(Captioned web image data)

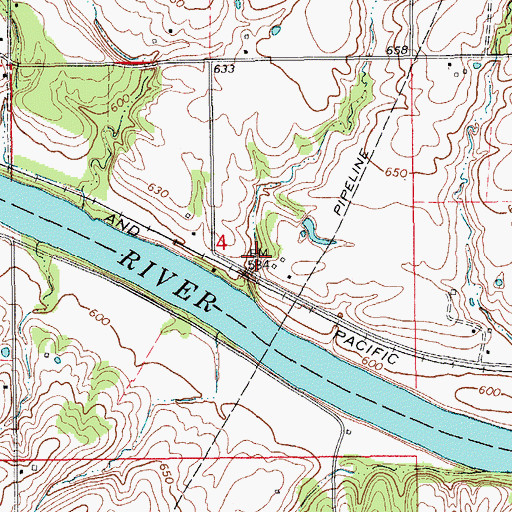 Topographic Map of Schultz Conservation Area, IA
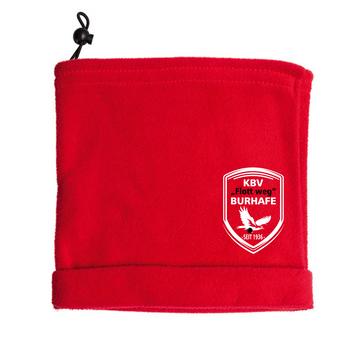 KBV Burhafe Fan Neckwarmer Rot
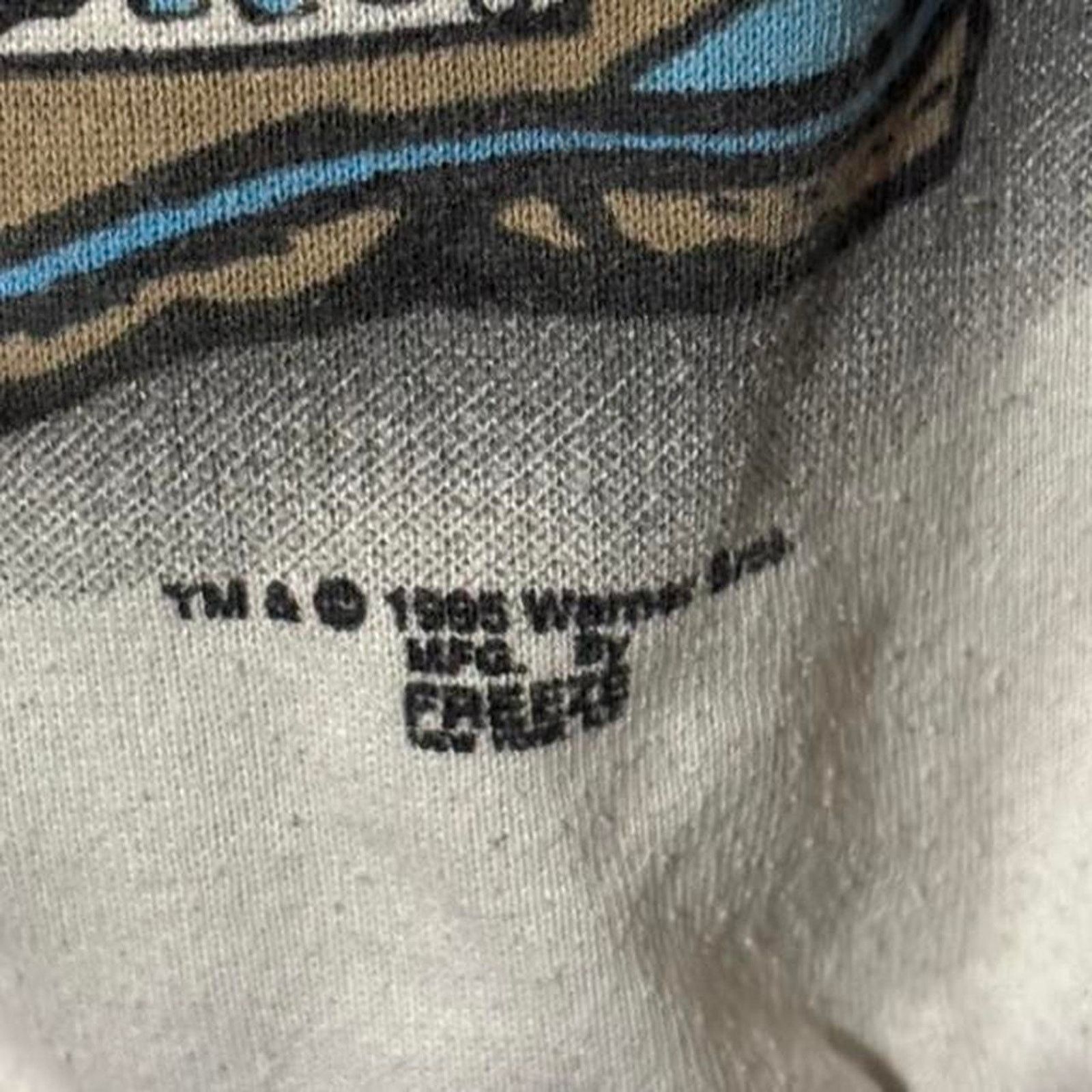 Tultex Vintage 1996 Taz Looney Tunes Trucker AOP Graphic Crewneck Size US XL / EU 56 / 4 - 5 Thumbnail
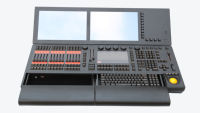 Console d'Éclairage Scénique MA2 DMX avec CPU i7, Deux Écrans Tactiles Motorisés de 15,4 Pouces pour le Contrôle Intelligent de l'Éclairage d'Événements et de Concerts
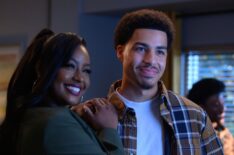 Justine Skye as Annika and Marcus Scribner as Andre in season 6, episode 3 of 'grown-ish.'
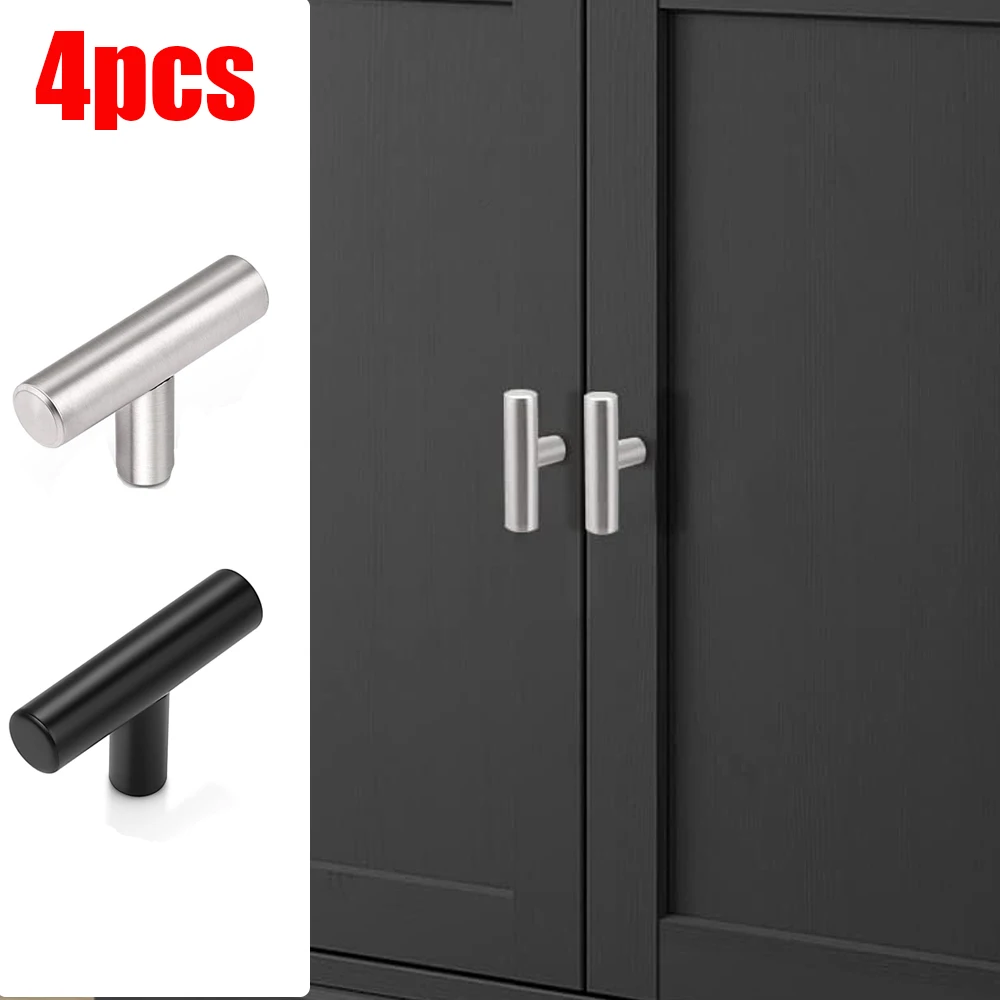 Cabinet handles 4Pcs T-Bar Cabinet Pull Drawer Knobs Kitchen Drawer Handles with Screws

» **WORK REQUIRED**
Skip the pictures. Restate exactly the lines from the start of the entries through the line containing "Justine Skye as", both ends included.

» **ANSWER**
 Topographic Map of Schultz Conservation Area, IA
 KBV Burhafe Fan Neckwarmer Rot
 Tultex Vintage 1996 Taz Looney Tunes Trucker AOP Graphic Crewneck Size US XL / EU 56 / 4 - 5 Thumbnail
 Console d'Éclairage Scénique MA2 DMX avec CPU i7, Deux Écrans Tactiles Motorisés de 15,4 Pouces pour le Contrôle Intelligent de l'Éclairage d'Événements et de Concerts
 Justine Skye as Annika and Marcus Scribner as Andre in season 6, episode 3 of 'grown-ish.'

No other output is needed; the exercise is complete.